Courier-Hebrew              Courier                 courh___.pfa
Courier-Hebrew-Oblique      Courier-Oblique         courho__.pfa
    ...
      

My colleague, who lives in Russia, uses Cyrillic fonts with Grace configured like this:

    ...
Cronix-Courier              Courier                 croxc.pfb
Cronix-Courier-Oblique      Courier-Oblique         croxco.pfb
    ...
      

The font mapping information (Font name <-> Font fall-back) is stored in the Grace project files. Provided that all the localized fonts have English characters in the lower part of the ASCII table unmodified, I can send my friend files (with no Hebrew characters, of course) and be sure they render correctly on his computer.

Thus, with properly configured national fonts, you can make localized annotations for plots intended for internal use of your institution, while being able to exchange files with colleagues from abroad. People who ever tried to do this with MS Office applications should appreciate the flexibility :-).

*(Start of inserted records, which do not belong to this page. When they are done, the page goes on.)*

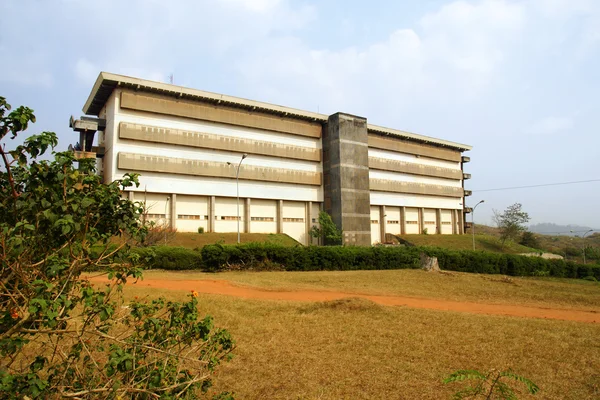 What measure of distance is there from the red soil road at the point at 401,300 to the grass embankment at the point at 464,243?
41484 millimetres

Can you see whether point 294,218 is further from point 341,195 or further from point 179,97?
point 179,97

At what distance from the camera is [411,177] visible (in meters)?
62.0

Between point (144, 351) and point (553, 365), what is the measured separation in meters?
6.07

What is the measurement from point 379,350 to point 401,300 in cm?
738

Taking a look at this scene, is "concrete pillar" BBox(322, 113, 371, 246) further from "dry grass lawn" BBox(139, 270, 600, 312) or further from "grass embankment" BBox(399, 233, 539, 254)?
"dry grass lawn" BBox(139, 270, 600, 312)

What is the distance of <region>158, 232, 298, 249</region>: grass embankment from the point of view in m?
37.5

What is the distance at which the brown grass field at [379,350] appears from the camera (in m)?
5.34

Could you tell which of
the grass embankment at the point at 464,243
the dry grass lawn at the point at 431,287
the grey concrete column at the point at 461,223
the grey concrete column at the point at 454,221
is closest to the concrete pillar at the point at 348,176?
the grass embankment at the point at 464,243

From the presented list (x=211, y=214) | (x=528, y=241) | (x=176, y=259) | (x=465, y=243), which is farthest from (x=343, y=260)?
(x=528, y=241)

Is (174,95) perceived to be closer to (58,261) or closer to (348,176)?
(348,176)

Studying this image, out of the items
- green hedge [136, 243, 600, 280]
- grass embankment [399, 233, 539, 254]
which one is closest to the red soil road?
green hedge [136, 243, 600, 280]

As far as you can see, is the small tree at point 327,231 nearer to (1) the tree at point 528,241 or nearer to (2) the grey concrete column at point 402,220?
(2) the grey concrete column at point 402,220

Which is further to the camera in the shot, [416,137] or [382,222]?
[416,137]

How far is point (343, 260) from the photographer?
26.1 metres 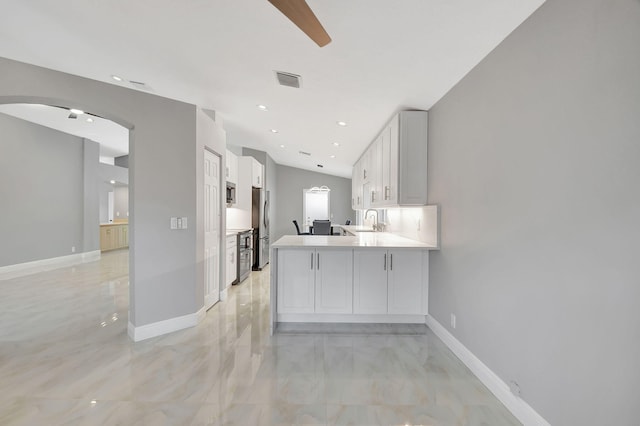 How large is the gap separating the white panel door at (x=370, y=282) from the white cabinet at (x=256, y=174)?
3.81m

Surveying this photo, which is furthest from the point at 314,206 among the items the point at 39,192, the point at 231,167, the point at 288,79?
the point at 288,79

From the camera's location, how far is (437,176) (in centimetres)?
296

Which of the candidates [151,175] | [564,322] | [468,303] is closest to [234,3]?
[151,175]

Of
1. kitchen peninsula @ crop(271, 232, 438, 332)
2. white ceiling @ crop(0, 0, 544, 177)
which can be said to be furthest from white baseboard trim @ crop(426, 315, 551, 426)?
white ceiling @ crop(0, 0, 544, 177)

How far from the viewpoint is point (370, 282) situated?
10.3 ft

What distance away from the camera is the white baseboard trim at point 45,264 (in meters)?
5.63

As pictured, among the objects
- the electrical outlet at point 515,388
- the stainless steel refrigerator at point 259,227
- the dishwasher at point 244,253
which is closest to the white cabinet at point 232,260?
the dishwasher at point 244,253

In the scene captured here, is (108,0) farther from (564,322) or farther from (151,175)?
(564,322)

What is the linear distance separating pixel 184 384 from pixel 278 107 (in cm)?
319

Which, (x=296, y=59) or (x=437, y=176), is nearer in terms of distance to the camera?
(x=296, y=59)

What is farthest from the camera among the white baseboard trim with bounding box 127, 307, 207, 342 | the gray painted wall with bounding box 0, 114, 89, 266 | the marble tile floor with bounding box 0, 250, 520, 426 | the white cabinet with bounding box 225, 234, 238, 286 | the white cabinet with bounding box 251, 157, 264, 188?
the white cabinet with bounding box 251, 157, 264, 188

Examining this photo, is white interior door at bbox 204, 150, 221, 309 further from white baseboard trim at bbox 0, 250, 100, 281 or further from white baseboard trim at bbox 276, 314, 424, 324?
white baseboard trim at bbox 0, 250, 100, 281

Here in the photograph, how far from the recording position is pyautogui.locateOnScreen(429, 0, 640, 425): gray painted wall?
117 centimetres

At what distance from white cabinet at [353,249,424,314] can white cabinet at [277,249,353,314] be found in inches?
4.5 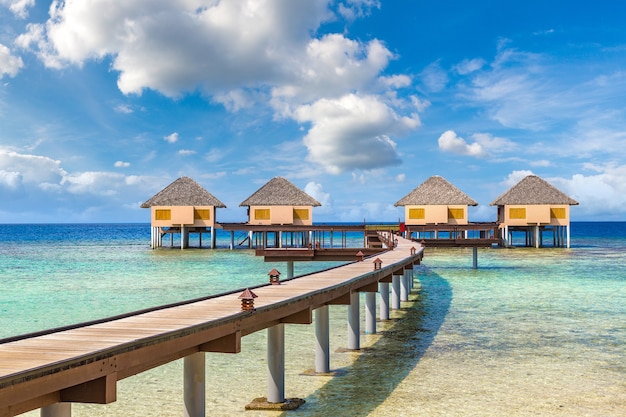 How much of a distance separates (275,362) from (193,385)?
1.99m

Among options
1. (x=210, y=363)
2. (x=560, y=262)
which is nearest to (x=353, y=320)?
(x=210, y=363)

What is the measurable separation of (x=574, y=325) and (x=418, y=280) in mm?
Result: 12095

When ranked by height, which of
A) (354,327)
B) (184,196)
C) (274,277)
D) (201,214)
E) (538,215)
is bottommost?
(354,327)

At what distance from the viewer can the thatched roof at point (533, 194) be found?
55.0 m

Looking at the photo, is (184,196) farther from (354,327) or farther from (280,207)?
(354,327)

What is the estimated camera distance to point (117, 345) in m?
4.97

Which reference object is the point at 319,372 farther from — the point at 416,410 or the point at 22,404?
the point at 22,404

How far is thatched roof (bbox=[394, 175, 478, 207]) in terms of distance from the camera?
53.8 meters

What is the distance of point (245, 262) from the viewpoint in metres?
39.0

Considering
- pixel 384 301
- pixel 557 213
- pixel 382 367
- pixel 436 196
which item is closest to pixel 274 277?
pixel 382 367

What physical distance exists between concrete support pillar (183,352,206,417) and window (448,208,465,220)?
49.2m

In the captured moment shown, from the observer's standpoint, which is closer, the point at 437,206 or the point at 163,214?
the point at 437,206

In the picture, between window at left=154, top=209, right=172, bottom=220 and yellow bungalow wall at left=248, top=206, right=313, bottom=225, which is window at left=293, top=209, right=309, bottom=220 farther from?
window at left=154, top=209, right=172, bottom=220

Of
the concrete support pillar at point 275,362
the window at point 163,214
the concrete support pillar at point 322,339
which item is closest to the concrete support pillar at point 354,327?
the concrete support pillar at point 322,339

6.2 Interaction with other applications

Using pipes

6.3 FFTW tuning

When the FFTW capabilities are compiled in, Grace looks at two environment variables to decide what to do with the FFTW 'wisdom' capabilities. First, a quick summary of what this is. The FFTW package is capable of adaptively determining the most efficient factorization of a set to give the fastest computation. It can store these factorizations as 'wisdom', so that if a transform of a given size is to be repeated, it is does not have to re-adapt. The good news is that this seems to work very well. The bad news is that, the first time a transform of a given size is computed, if it is not a sub-multiple of one already known, it takes a LONG time (seconds to minutes).

The first environment variable is GRACE_FFTW_WISDOM_FILE. If this is set to the name of a file which can be read and written (e.g., $HOME/.grace_fftw_wisdom) then Grace will automatically create this file (if needed) and maintain it. If the file is read-only, it will be read, but not updated with new wisdom. If the symbol GRACE_FFTW_WISDOM_FILE either doesn't exist, or evaluates to an empty string, Grace will drop the use of wisdom, and will use the fftw estimator (FFTW_ESTIMATE flag sent to the planner) to guess a good factorization, instead of adaptively determining it.

The second variable is GRACE_FFTW_RAM_WISDOM. If this variable is defined to be non-zero, and GRACE_FFTW_WISDOM_FILE variable is not defined (or is an empty string), Grace will use wisdom internally, but maintain no persistent cache of it. This will result in very slow execution times the first time a transform is executed after Grace is started, but very fast repeats. I am not sure why anyone would want to use wisdom without writing it to disk, but if you do, you can use this flag to enable it.

6.4 DL modules

Grace can access external functions present in either system or third-party shared libraries or modules specially compiled for use with Grace.

Function types

One must make sure, however, that the external function is of one of supported by Grace types:

Grace type Description
f_of_i a function of 1 int variable
f_of_d a function of 1 double variable
f_of_nn a function of 2 int parameters
f_of_nd a function of 1 int parameter and 1 double variable
f_of_dd a function of 2 double variables
f_of_nnd a function of 2 int parameters and 1 double variable
f_of_ppd a function of 2 double parameters and 1 double variable
f_of_pppd a function of 3 double parameters and 1 double variable
Grace types for external functions

The return values of functions are assumed to be of the double type.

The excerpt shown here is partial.